Instructions
- 1
Press almond shortbread base into ring. Bake 10 minutes at 170°C. Cool.
- 2
Lemon curd insert: cook yolks, sugar, lemon juice and zest until thick. Add gelatin and cold butter. Strain. Pour into insert ring. Freeze solid.
- 3
Lavender mousse: steep lavender in warm cream 20 minutes. Strain thoroughly. Whip to soft peaks.
- 4
Heat 100ml lavender cream with sugar, dissolve gelatin. Cool to 25°C. Fold in whipped cream.
- 5
Assemble: pour lavender mousse. Place frozen lemon insert. Freeze 6 hours.
- 6
Lemon mirror glaze: warm lemon curd, dissolve gelatin. Add yellow coloring. Cool to 30°C.
- 7
Unmold and glaze. Refrigerate 2 hours.
- 8
Garnish with dried lavender, fresh lemon slices and edible flowers.
Baker's Tip
Use culinary-grade dried lavender — decorative or crafting lavender may be treated with chemicals. Steep for exactly 20 minutes and strain thoroughly — over-steeping makes the mousse soapy and overwhelmingly floral. Less lavender makes a subtle, elegant fragrance.
Frequently Asked Questions
Where do I find culinary lavender?
Culinary lavender is available at specialty food stores, health food shops, farmers markets and online. English lavender (Lavandula angustifolia) is the sweetest and most suitable for baking. French lavender is more intense and camphorous — use half the amount if only French lavender is available.
Can I make this without lavender?
Yes — replace lavender with 2 teaspoons of vanilla bean paste and the zest of one more lemon for a pure lemon mousse cake. Or steep 2 tablespoons of dried chamomile for a honey-floral alternative.
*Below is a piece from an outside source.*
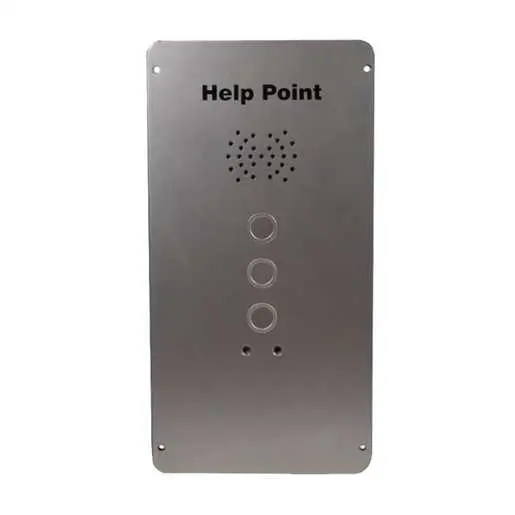 Image of 116-02-0013-001 VR Help Point (VoIP), 3 button, hands-free (faceplate only)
The lemon curd insert and lemon glaze remain the same.
How do I get the lemon glaze bright yellow?
Add a small amount of yellow gel food coloring — natural lemon curd is a pale straw color which looks beautiful but does not photograph as vividly as artificially brightened glaze. Start with 3-4 drops and add more drop by drop until you achieve the desired sunny yellow.
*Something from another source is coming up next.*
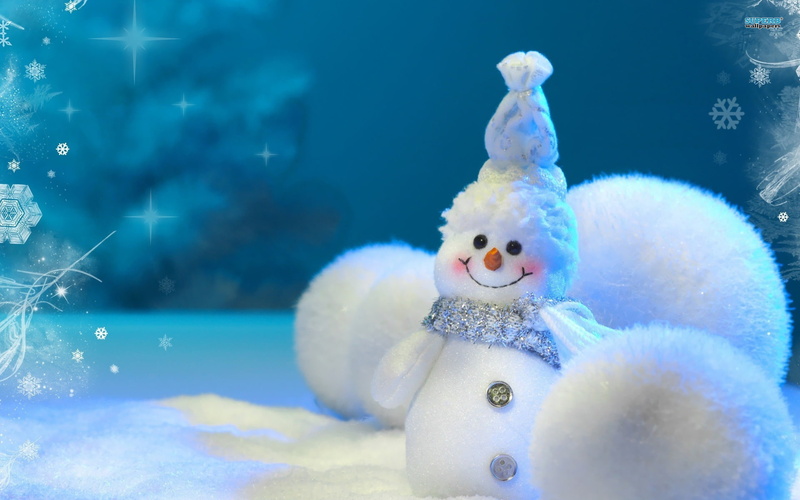 1080P, snowman, celebration, holidays, winter, cute, snow, small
Can I use fresh lavender instead of dried?
Fresh lavender has more volatile oils and is more potent — use half the amount and steep for only 10 minutes. The flavor profile is also slightly different, more herbal and green. Either version works but dried is more predictable and consistent in flavor concentration.
About This Recipe
A Provencal-inspired mousse cake combining sharp lemon curd with delicate lavender mousse, on a crispy almond shortbread base, under a pale yellow mirror glaze. Floral, citrus and utterly sophisticated — a Provence garden in every slice.